Reflect on your donor activities throughout the year. Are you conducting a giving day campaign? Do you have a giving society? Are you soliciting event sponsorship? Are you hosting an open house? Consider how you can integrate ALL of your activities into your campaign plan so that you don’t confuse donors or burn them out with too many disconnected asks. You may need to combine asks or cancel activities that conflict with your campaign plan.

4.       Segment Donors

As you develop your plan, pull a list of donors who have given during the last three to five years. Review their total annual giving and their largest single gift for each year, and note whether this gift was tied to a specific giving opportunity.
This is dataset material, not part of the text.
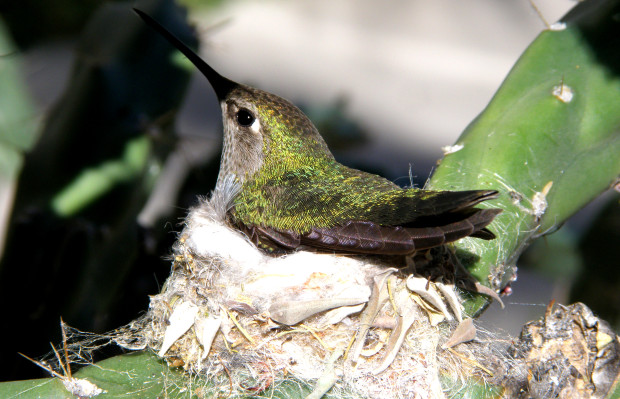 hummingbird nest, garden for wildlife, NWF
Now segment your donors into at least three categories: those who can give major gifts, those who can give significant gifts and those who will likely give small gifts. Consider utilizing a prospect screening tool to help you determine segmentation. This process is a combination of analyzing data and using your knowledge about your donors. Based on which segment they’re in, you will engage them in different ways throughout the campaign.  
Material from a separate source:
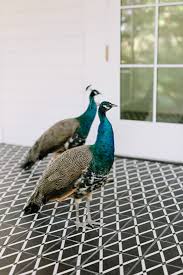 Mattie's grows new south austin roots. The Loneliest Peacock In Texas Garden Gun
5.       Recruit a Committee

Recruit a campaign chair and a committee of volunteers who are dedicated to helping you reach your goal. This will be your team. Give them clear job descriptions that define both their roles and your expectations. Train them on the campaign plan and how they fit in. Ask them to help you sign letters, thank donors, reach out to previous donors and invite new prospects to learn more about the organization.

6.       TakE Advantage of a Silent Phase for Leadership Giving

Review the list of donors in your top segment. These are most likely to give major gifts and are the ones you should engage at the beginning of your campaign. Schedule a time to meet with them in person to tell them about your campaign. Thank them for being a mission partner and ask if they would consider serving on the committee and giving a leadership gift. Be specific with your requests and explain how their participation in the campaign will motivate others to do the same. You need their help to be successful. One or more of these donors may be a challenge gift prospect; give them an option to let you leverage their gift for a greater impact by inviting other donors to match it during the public phase of the campaign.

7.       Be High-Touch

Your campaign should include thank-you calls to previous donors, invitations to meetings, tours and volunteer opportunities. This is how you create engaged long-term donors. Your committee will help you with these efforts.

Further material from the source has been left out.